"To be without a home/ Like a rolling stone." That's what folk icon Bob Dylan once wrote about the state of '60s youth.
But to be 14,000 Deadheads without a home. Or more accurately, to be 14,000 Deadheads without a band, without a leader, without a sound to follow from sea to shining sea. That's the dilemma facing the country's largest group of itinerant crusties in the second year A.J.D. (After Jerry's Death).
What's the solution? Well, if you asked the sun, um, -baked crowd at the Shoreline Amphitheater in Mountain View, Calif. last Saturday, the last stop of this year's second-annual post-Dead Furthur tour, it was to "smile, smile, smile."
"We saw the Dead about a dozen times," said a smiling Mark Thomas, who was enjoying a set by Dead drummer Mickey Hart's Planet Drum while lounging on the lawn with his smiling wife Margret and smiling teenage son, Gregory. "And this is a great tribute to their legacy."
Margret Thomas added, "I think it's great that they bring back the alumni. I think Jerry would have loved this show."
Scanning the tie-dyed, heavily dread-locked audience, many of them engaging in the traditional Deadhead spinning dance, it almost felt like nothing had changed. Sure, newcomers moe., Sherri Jackson and Dead alumnus Bruce Hornsby paled in comparison to the halcyon mobile Church of the Dead that used to relentlessly criss-cross the nation every summer, but in its place was an eclectic bill that captured the same joy and looseness of the Dead experience, if only with a few less guitar solos.
Mostly, though, it was the spirit of cooperation and cross-pollination that set Furthur apart from the rest of the summer festival stock. After a bizarre bit of "Ukulele Lady" from MC Arlo Guthrie, Bruce Hornsby was joined by Dead bassist Phil Lesh for a run through the Dead's "Wharf Rat," and later by Bay Area resident and special guest Bonnie Raitt, and Dead drummer Mickey Hart and guitarist Bob Weir for a version of the Dead classic, "Jack Straw."

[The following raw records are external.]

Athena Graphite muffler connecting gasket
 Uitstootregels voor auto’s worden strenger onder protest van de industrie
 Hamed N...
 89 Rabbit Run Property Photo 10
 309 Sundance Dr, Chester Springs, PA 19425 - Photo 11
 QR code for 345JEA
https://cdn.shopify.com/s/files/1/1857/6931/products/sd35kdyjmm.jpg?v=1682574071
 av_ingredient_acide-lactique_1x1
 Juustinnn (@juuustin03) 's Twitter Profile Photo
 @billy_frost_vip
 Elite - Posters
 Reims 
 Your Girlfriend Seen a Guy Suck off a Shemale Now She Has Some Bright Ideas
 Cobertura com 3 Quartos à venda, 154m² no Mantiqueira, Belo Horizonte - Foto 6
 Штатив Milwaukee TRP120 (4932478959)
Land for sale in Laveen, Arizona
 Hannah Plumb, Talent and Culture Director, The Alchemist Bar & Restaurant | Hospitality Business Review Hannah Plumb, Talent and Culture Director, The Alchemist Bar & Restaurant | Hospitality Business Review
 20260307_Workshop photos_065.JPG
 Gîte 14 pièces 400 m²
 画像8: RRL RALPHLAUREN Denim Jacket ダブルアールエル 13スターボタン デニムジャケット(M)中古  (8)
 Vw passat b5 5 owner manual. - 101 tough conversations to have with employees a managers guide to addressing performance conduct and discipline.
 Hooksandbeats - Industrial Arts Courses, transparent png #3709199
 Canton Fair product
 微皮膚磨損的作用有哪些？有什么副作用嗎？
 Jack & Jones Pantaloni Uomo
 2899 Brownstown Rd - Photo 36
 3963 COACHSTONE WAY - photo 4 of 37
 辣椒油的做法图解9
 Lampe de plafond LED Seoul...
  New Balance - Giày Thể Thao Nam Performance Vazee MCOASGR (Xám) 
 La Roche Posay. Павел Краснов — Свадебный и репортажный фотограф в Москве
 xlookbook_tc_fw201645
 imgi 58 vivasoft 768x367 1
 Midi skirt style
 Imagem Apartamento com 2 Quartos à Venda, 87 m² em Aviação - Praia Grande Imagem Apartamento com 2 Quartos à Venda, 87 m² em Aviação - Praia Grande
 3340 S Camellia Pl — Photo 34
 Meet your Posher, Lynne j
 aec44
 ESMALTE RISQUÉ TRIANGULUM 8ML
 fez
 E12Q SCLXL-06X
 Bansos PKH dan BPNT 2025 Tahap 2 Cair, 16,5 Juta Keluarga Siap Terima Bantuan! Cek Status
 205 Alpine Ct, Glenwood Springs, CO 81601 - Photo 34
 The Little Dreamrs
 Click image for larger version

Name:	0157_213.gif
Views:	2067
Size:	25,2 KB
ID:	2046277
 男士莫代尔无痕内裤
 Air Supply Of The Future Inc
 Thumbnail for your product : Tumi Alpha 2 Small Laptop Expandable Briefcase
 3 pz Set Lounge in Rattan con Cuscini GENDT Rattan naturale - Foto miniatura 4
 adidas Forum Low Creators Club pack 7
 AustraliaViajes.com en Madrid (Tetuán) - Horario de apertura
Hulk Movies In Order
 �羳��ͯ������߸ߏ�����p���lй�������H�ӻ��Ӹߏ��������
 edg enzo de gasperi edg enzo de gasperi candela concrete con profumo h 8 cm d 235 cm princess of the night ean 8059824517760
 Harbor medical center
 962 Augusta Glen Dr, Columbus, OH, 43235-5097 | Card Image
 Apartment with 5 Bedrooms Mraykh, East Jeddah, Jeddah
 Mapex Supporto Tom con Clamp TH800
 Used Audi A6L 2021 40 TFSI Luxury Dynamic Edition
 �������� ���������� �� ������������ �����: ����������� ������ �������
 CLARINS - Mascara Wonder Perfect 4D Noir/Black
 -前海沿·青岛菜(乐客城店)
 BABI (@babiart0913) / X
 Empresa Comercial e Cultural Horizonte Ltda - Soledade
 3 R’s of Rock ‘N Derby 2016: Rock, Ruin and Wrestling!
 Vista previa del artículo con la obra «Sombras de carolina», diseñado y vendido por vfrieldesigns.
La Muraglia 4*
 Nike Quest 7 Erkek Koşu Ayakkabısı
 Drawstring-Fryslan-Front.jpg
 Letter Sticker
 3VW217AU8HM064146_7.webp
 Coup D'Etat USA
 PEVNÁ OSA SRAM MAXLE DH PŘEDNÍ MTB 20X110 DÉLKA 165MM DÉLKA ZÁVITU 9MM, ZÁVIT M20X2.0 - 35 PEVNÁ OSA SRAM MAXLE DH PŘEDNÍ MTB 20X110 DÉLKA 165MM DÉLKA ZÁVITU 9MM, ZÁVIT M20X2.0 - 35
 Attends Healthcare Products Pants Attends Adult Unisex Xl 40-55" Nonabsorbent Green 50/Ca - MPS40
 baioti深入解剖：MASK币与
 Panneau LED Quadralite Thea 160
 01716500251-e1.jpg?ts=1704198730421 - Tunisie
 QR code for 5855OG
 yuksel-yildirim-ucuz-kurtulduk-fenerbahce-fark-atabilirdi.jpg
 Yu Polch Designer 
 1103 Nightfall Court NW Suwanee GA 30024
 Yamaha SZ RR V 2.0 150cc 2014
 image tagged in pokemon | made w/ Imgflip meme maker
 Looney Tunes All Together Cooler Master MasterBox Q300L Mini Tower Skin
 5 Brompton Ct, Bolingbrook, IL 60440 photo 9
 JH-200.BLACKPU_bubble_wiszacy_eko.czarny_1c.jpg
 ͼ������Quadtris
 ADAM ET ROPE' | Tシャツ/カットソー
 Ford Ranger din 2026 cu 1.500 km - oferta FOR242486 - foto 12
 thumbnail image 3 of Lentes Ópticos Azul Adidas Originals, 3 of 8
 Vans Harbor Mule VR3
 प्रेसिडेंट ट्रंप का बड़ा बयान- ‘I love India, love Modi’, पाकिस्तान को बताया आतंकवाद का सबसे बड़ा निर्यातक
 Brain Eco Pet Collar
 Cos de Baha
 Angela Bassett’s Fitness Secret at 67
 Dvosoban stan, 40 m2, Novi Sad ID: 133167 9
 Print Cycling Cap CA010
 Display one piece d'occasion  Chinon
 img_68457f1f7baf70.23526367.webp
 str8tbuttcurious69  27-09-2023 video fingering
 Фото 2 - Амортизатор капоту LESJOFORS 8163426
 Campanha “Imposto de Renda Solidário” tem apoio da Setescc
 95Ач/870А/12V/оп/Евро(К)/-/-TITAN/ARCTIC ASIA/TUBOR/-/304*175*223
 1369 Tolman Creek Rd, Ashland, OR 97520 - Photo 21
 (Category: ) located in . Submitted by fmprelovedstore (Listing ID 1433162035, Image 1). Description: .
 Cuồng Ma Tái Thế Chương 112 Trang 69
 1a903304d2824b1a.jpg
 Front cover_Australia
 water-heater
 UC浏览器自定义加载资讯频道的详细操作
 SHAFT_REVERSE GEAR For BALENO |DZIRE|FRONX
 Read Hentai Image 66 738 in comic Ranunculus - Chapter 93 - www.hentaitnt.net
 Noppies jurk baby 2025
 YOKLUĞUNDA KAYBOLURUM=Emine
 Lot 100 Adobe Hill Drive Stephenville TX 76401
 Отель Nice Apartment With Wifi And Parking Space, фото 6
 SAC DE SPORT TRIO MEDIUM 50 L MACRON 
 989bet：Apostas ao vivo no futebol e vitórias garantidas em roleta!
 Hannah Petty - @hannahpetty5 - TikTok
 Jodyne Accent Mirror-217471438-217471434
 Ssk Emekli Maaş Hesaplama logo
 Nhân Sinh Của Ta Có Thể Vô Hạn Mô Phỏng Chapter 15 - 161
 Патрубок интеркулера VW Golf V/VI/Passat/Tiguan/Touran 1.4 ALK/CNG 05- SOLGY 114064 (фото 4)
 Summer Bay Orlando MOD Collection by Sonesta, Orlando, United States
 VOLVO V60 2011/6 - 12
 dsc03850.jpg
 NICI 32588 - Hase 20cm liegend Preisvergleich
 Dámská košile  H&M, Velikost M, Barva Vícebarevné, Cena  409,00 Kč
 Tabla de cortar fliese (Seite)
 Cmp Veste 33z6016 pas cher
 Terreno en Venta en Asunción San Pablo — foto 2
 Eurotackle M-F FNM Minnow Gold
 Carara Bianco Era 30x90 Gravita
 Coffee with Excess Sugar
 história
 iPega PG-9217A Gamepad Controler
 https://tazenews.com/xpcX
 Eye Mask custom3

The real surprise of the afternoon, however, was frequent Dead lyricist Robert Hunter. The barrel-chested, bearded songsmith, not necessarily known for either his voice or guitar playing, nevertheless performed a mesmerizing half-hour set of originals steeped in the kind of folk roots revered by both the Dead and their followers. Opening with "St. Stephen," which mutated into "Mountains of the Moon," Hunter, accompanied only by his electric guitar and what sounded like a tape loop with extra guitar accompaniment and echo delay, bullied his way through traditional folk-tinged readings of "New Speedway Boogie" and "Box of Rain," which was stripped of some of its hippie-dippy triteness by Hunter's conviction and gravely voice. The set ended with an a cappella "Boys in the Barroom" that literally had a few audience members within eyeshot holding their breath.
Alternating between sets on the full main stage and a smaller stage created by a purple partition lowered from the rafters, the down-time between sets was minimal, but the long-winded jams were in full effect. Hart and his polyphonic Planet Drum crew banged and clattered through an overlong set of drum jams that included an ill-advised rap version of "Fire on the Mountain."
Guthrie popped up again for the long version of his signature tune, "Alice's Restaurant," which, like any hint of a Dead composition, was met with a kind of "remember the good old days?" smiling nod from appreciative fans, despite the fact that many in the crowd looked like they would have had to pinch the album of the same name from their parent's collection.
Former Jefferson Airplane guitarist Jorma Kaukonen played a short set of crossroads blues, joined a various times by Hart and Dead collaborator Rob Wasserman, while the set by Weir's band, Ratdog, felt like Dead Lite. Running through a number of crowd-pleasers, among them "West L.A. Fadeaway," with Bonnie Raitt on slide guitar, "Cassidy" and "One More Saturday Night," Ratdog acquitted themselves as a tight band in the jamming tradition of the Dead, at the worst weighed-down by one too many saxophone solos from burly horn player Dave Ellis.
Weir and Rob Wasserman later returned for another collaborative mini-set with help from Hornsby, Kaukonen, Guthrie and Rich Robinson from the Black Crowes on "San Francisco Bay Blues" and "Ripple." The eagerly-awaited Crowes then confused the crowd with a gothic, thuggish set highlighted by a few new songs and selections from their little-heard most recent albums. Jamming hard and heavy on the new song "Another Roadside Tragedy" as well as a cover of Ry Cooder's "Boomer's Story" and Neil Young's "Come On Baby Let's Go Downtown," the Crowes ended their set with the crowd-pleasing "Hard To Handle," featuring Weir and Lesh, but again, marred by one too many Ellis sax solos.
The night ended with a 15-minute all-star jam on "The Other One" and "Good Lovin'," which sent the audience home still smiling and tripping on the kind of musical high that helped recapture the spirit of their fallen hippie leader.
Which, in some ways, is what they came to do.